The Simpsons 9th Season DVD was released on December 19, 2006 in Region 1, January 29, 2007 in Region 2 and March 21, 2007 in Region 4. The DVD was released in two different forms: a Lisa-shaped head, to match the Maggie, Homer and Marge shaped heads from the three previous DVD sets, and also a standard rectangular shaped box. Like the previous DVD sets, both versions are available for sale separately.

Voice cast & characters

 

This is the last season to feature the character Lionel Hutz, voiced by Phil Hartman. Following Hartman's death on May 28, 1998, Hutz was retired along with Hartman's  other recurring character Troy McClure; his final speaking role as Hutz was five months earlier, in the episode "Realty Bites", and has since occasionally appeared as a  background character.

Main cast
 Dan Castellaneta as Homer Simpson, Grampa Simpson, Krusty the Clown, Groundskeeper Willie, Barney Gumble, Santa's Little Helper, and various others
 Julie Kavner as Marge Simpson, Patty Bouvier, Selma Bouvier and various others
 Nancy Cartwright as Bart Simpson, Nelson Muntz, Ralph Wiggum and various others
 Yeardley Smith as Lisa Simpson
 Harry Shearer as Mr. Burns, Waylon Smithers, Ned Flanders, Principal Skinner, Lenny Leonard, Kent Brockman, Reverend Lovejoy, and various others
 Hank Azaria as Moe Szyslak, Chief Wiggum, Professor Frink, Comic Book Guy, Apu, Bumblebee Man and various others

Recurring
 Pamela Hayden as Milhouse van Houten, Jimbo Jones
 Maggie Roswell as Maude Flanders, Helen Lovejoy and Miss Hoover
 Russi Taylor as Martin Prince and Sherri and Terri
 Tress MacNeille as Agnes Skinner
 Marcia Wallace as Edna Krabappel
 Frank Welker as various animals

Guest stars

 Phil Hartman as Troy McClure, Lionel Hutz and Noah (various episodes)
 Martin Sheen as the real Seymour Skinner ("The Principal and the Pauper")
 Fyvush Finkel as himself playing Krusty the Clown ("Lisa's Sax")
 Joe Namath as himself ("Bart Star")
 Roy Firestone as himself ("Bart Star")
 Mike Judge as Hank Hill ("Bart Star")
 Andrea Martin as Apu's mother("The Two Mrs. Nahasapeemapetilons")
 Jan Hooks as Manjula Nahasapeemapetilon ("The Two Mrs. Nahasapeemapetilons")
 Stephen Jay Gould as himself ("Lisa the Skeptic")
 Alex Trebek as himself("Miracle on Evergreen Terrace")
 Jim Varney as Cooder ("Bart Carny")
 James Earl Jones as the narrator ("Das Bus")
Jack Ong as the Chinese fisherman ("Das Bus")
 Jay Leno, Bruce Baum, Janeane Garofalo, Bobcat Goldthwait, Hank Williams Jr. and Steven Wright as themselves ("The Last Temptation of Krust")
 Helen Hunt as Renee ("Dumbbell Indemnity")
 Rod Steiger as Captain Tenille ("Simpson Tide")
 Bob Denver as himself ("Simpson Tide")
 Michael Carrington as Drill Sergeant ("Simpson Tide")
 Paul Winfield as Lucius Sweet ("The Trouble with Trillions")
 Steve Martin as Ray Patterson ("Trash of the Titans")
 U2 as themselves ("Trash of the Titans")
 Paul McGuinness as himself ("Trash of the Titans")
 Brendan Fraser as Brad("King of the Hill")
 Steven Weber as Neil ("King of the Hill")

Reception
The ninth season is considered by some fans and critics to be the end of the Golden Age of The Simpsons. Alasdair Wilkins of The AV Club said: "From here on out, we're in The Simpsons' decline phase, though there's plenty of room to disagree just how stark the drop-off actually was." On Rotten Tomatoes, the ninth season of The Simpsons has a 67% approval rating based on 6 critical  reviews.

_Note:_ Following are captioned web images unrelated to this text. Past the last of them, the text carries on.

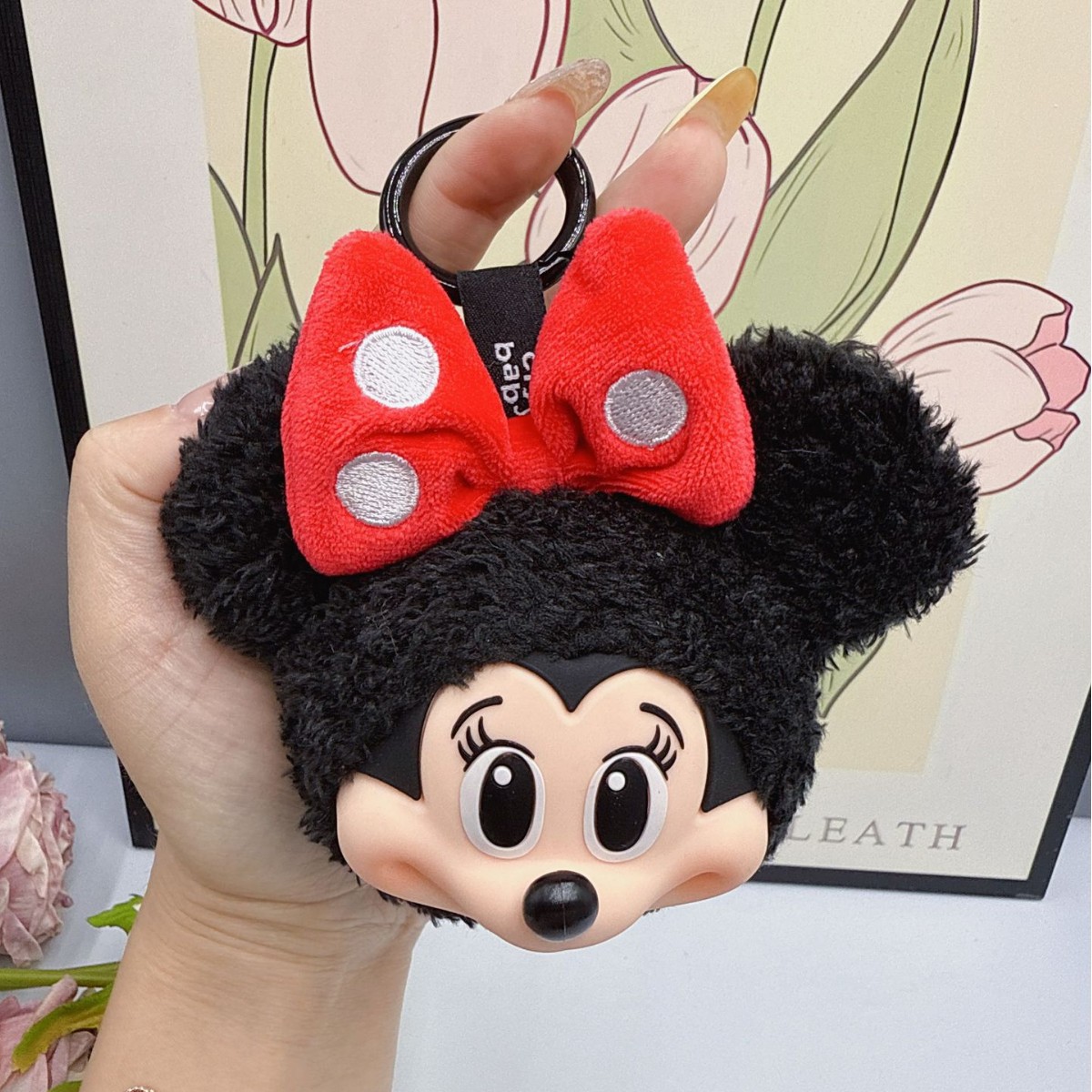 Mickey Minnie Plush Doll Keych - Original Anime Merchandise incelemesi ve fiyatı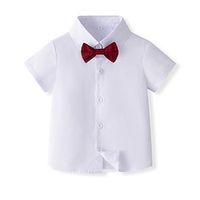 Boys' Small Suit Formal Dress Set, British Handsome Summer Children's Backpack Pants, Flower Boy Baby's First Birthday Suit Lightinthebox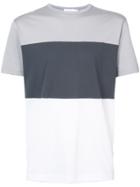 Sunspel Colour-block Fitted T-shirt - Grey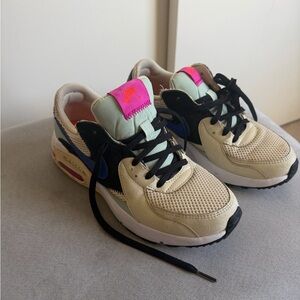 Nike Sneakers - Black, Cream, pink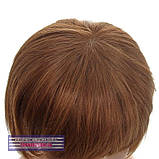 Натуральна перука на сітці-система Ashley HH темно-русявого кольору, фото 8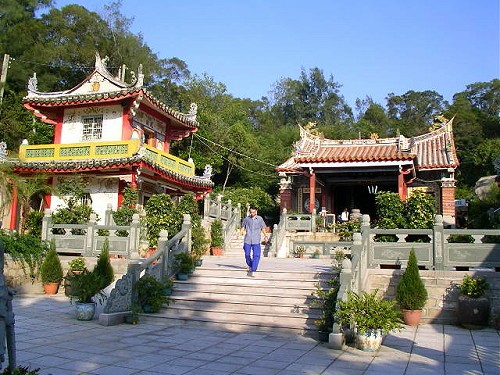 太武山頂的海印寺 攝影：外婆的澎湖灣-離島行腳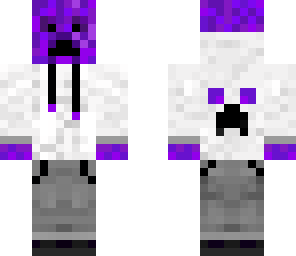 purple creeper with headphones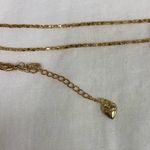 Betsey Johnson Gold Heart Necklace with Multicolor Sparkle | Aurora Borealis Photo 4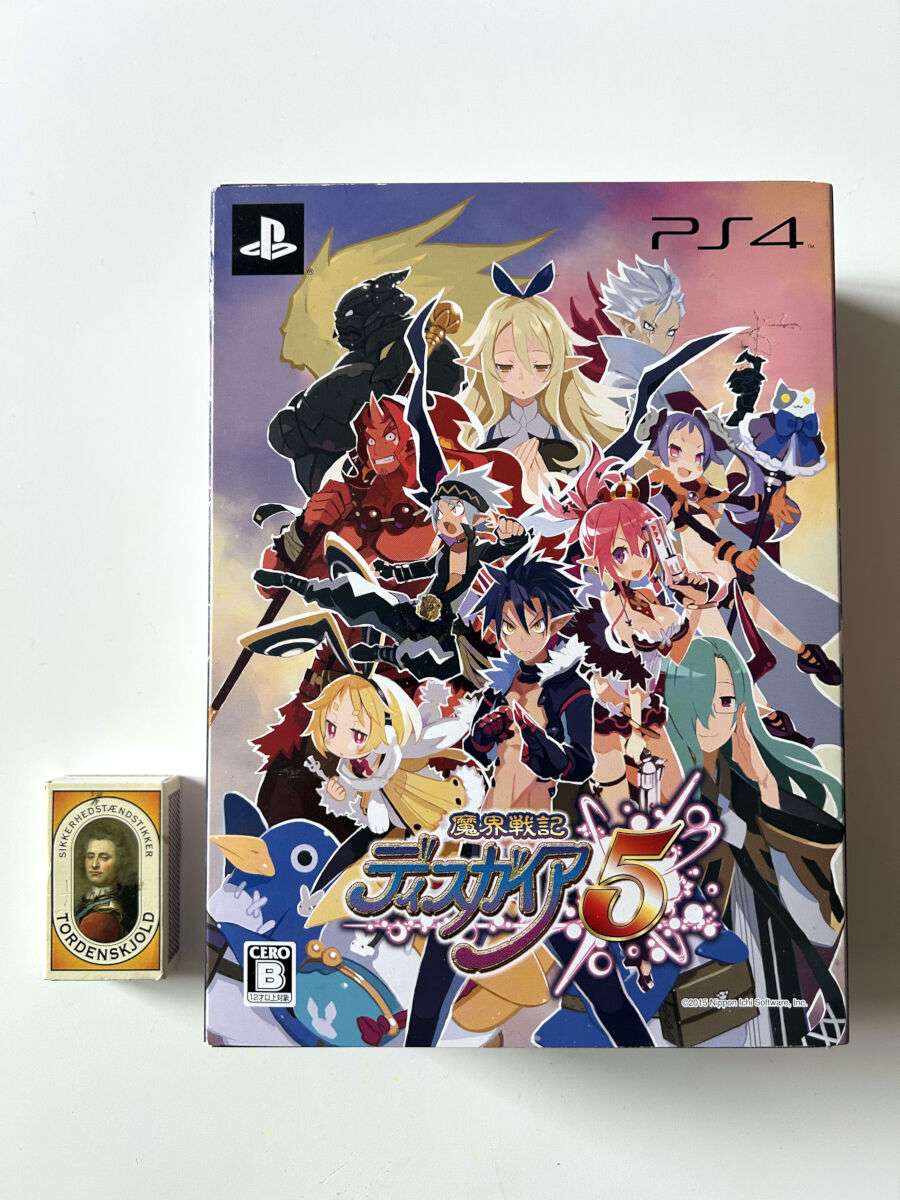 Disgaea 5 First Press Limited Edition(PS4 Brugt) - Japansk cover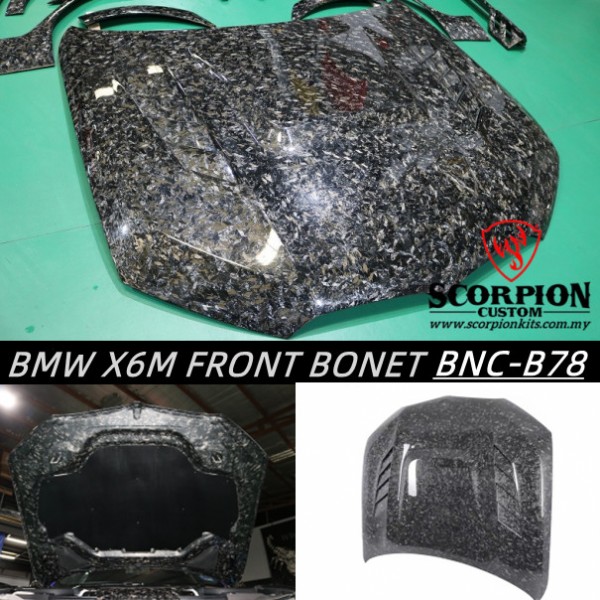 BMW X6M FRONT BONET ( BNC - B78 )1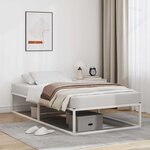 vidaXL Cadre de lit sans matelas blanc 90x200 cm métal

The episode "The Principal and the Pauper" received very negative reviews from fans and critics, and is often regarded as one of the most controversial episodes of the entire series. Many fans and critics reacted negatively to the revelation that Principal Skinner, a recurring character since the first season who had undergone much character development, was an impostor. The episode has been criticized by series creator Matt Groening, and by Skinner's voice actor Harry Shearer. In his 2004 book Planet Simpson, Chris Turner describes the episode as the "broadcast that marked [the] abrupt plunge" from The Simpsons' "Golden Age", which he says began in the middle of the show's third season. He calls the episode "[one of] the weakest episodes in Simpsons history", and adds, "A blatant, continuity-scrambling plot twist of this sort might've been forgivable if the result had been as funny or sharply satirical as the classics of the Golden Age, but alas it's emphatically not." Turner notes that the episode "still sports a couple of virtuoso gags", but says that such moments are limited.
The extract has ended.